I’ve been coaching professionally since 2002. I was coaching internally in organizations five years before I went a got a coaching certification though the Coaches Training Institute. My very first coaching client was a Vice President who had allegedly “spit” at one of her directors in a heated argument, most likely just spittle, but HR didn’t know what to make of it and so tossed it to me. Since then I’ve have over hundreds of coaching clients and stopped counting hours when I crossed the 10K mark back in 2011. My bona fides are there and I can confidently tell you that everyone is coachable.

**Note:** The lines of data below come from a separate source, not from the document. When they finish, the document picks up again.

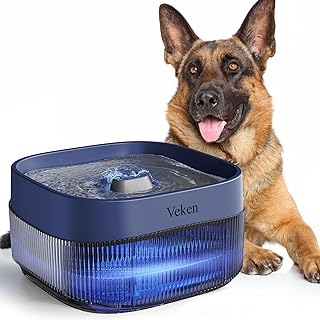 Veken Dog Water Fountain,135oz/4L Dog Water Bowl Dispenser and Automatic Pet Water Fountain for Small to Medium Dogs, Cats...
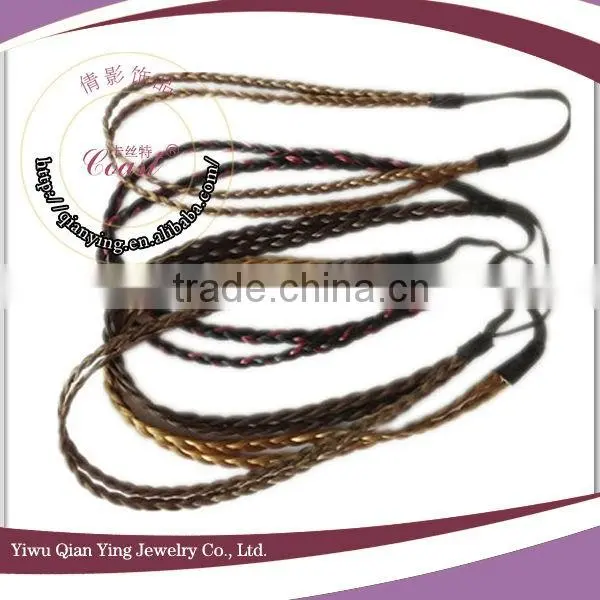 Custom Red and Black Two Braided Elastic Hair Extensions Headbands photo-2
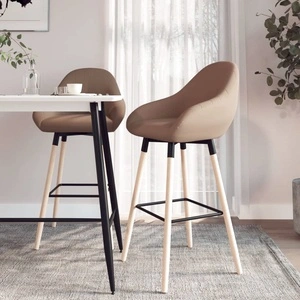 Бар табуретки, 2 бр, таупе, текстил
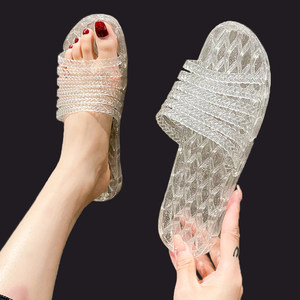
Anti-slip crystal transparent slippers for women at home odorproof bathroom flip-flops flat shoes versatile, no absorbent or odor feet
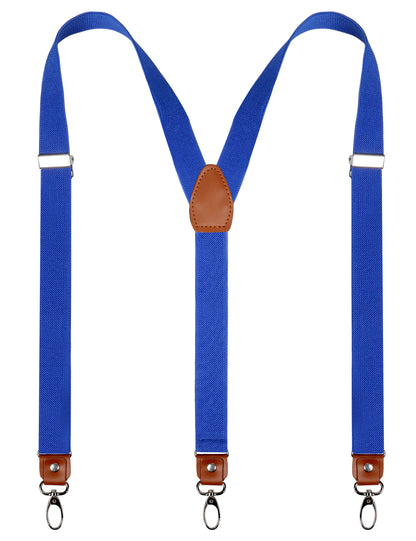 Men's 1 Inch 3 Swivel Hooks Suspender with Leather Joint and Elastic Band, BD034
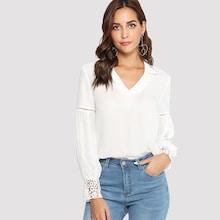 Shein Laser Cut Insert Guipure Lace Cuff Blouse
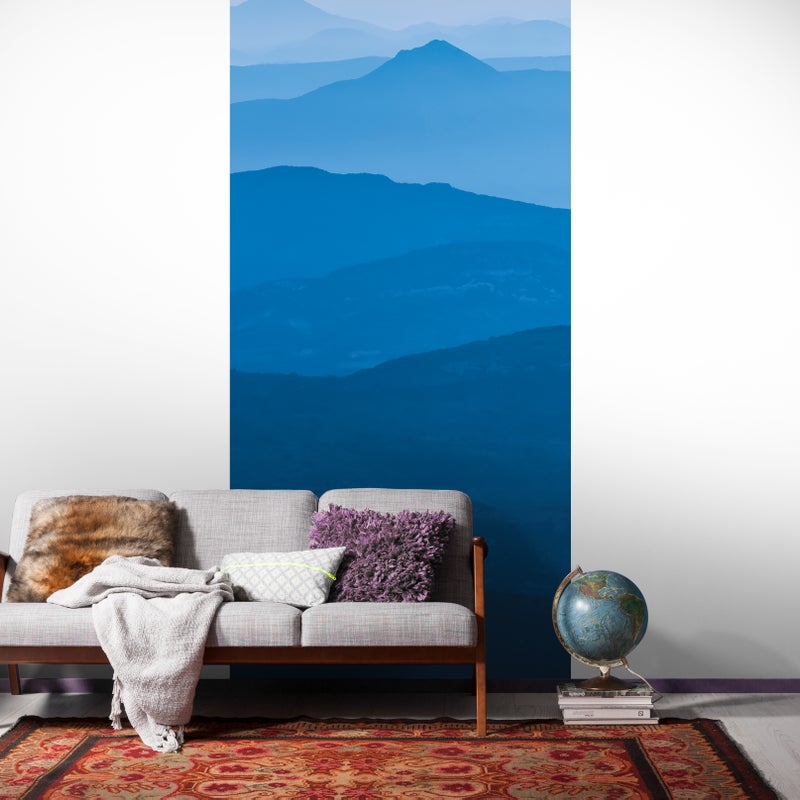 Fototapeta panel gór niebieskim - 100 x 250 cm - SANDERS & SANDERS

But what does that mean exactly? Does that mean that everyone can be a rock-star in your organization? That everyone is cut out for Sales? That everyone can master all parts of the sales cycle from first contact to close?

Yes.

Let me rewind and digress for a moment…

When I first started coaching I was a wild man, untrammeled by the loss and divorce that has marked me as an adult, and I was and still am heart centered. I had just finished my master’s degree and Kurt Lewin (founder of social psychology) was my idol.

My background includes cultural anthropology, ecopyschology, biology, developmental psychology, instructional design, organizational development, and coaching. From the very beginning I’ve been fascinated and have worked with systems and so everything is system related to my mind.

I don’t see the individual as separate from the system from within which they’re operating.

You look at the United States military and how instructional design and organizational development function and you see a system that can take young men and women, with different socio and economic backgrounds from all over the country, and turn them into a single fighting force.

That’s impressive!

Kurt Lewin’s equation: B = f (P+E) is Behavior is a Function of the Person + Their Environment

We’re relational by nature.

It’s why I’m leery of organizations that seem to think potential hires either fit or don’t fit their organizational culture. People are adaptable. We have a deep fear of this in the West, but the reality is that out personality, values, behaviors, and principles are all very fluid.

In fact, that’s why leadership is so damn important. It’s why organizational cultures are so damn important.

I’ve seen plenty of shitty organizations chew up and spit out talented individuals, just as I’ve seen great organizations take mediocre people a turn them into rock stars.

This is why Top Grading and Forced Ranking are such awful performance management systems. Everyone is a potential star or a potential fuck up.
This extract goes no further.